Outsourcing giant Serco has issued a stark profits warning in the wake of the major problems it has had with Government contracts including the electronic tagging of prisoners scandal.
The warning came immediately after the Cabinet Office said that it had reviewed the corporate renewal plan put forward by the company and would again let it bid for public sector work.
But Serco said the cost of the review, lower revenues because of the damage done to its reputation, one-off payments to external consultants and lower operating margins meant that operating profits in 2014 are likely to be 10 per cent to 20 per cent lower than current City forecasts of £277 million.
Serco issued a 2013 profits warning in November which sent its shares crashing 17 per cent. The shares slumped by more than 10 per cent, 52p to 457.5p in early London trading.
The electronic-tagging scandal, which saw Serco and G4S charge for prisoners who were dead and a subsequent investigation by the Serious Fraud Office which is ongoing, led to the departure of the group and UK chief executives of the company last year.
Ed Casey, acting chief executive, said: “We have been through a very difficult period since July of last year, which has had a major impact on Serco: reducing near-term growth, diverting management focus, and adding costs to strengthen the business.
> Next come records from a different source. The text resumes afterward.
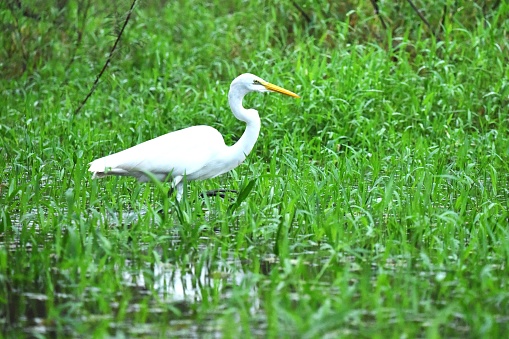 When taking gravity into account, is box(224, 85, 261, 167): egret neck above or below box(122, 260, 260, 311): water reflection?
above

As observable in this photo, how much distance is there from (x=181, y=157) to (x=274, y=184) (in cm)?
61

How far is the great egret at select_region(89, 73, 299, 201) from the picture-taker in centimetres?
633

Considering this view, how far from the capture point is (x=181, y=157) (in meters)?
6.42

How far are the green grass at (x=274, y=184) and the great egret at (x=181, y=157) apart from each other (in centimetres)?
19

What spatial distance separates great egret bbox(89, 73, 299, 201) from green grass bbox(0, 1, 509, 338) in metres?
0.19

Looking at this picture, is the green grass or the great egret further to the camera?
the great egret

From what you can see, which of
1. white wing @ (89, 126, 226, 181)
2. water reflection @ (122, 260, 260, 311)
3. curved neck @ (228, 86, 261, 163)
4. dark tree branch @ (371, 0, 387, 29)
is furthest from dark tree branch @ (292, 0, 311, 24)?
water reflection @ (122, 260, 260, 311)

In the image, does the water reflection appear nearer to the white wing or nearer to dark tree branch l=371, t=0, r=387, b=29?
the white wing

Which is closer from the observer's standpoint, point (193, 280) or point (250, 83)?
point (193, 280)

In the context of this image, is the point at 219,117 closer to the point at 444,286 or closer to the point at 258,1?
the point at 258,1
“We are now able to assess more clearly the adverse impact that continues into 2014.”
He added that the Cabinet Office decision would allow Serco to put in bids and rebids for such things as the Northern Rail franchise extension and the defence infrastructure outsourcing contract.
The Cabinet Office said it accepted Serco’s corporate renewal plan as “travelling in the right direction” but added that the renewal was an ongoing process which would continue to be monitored.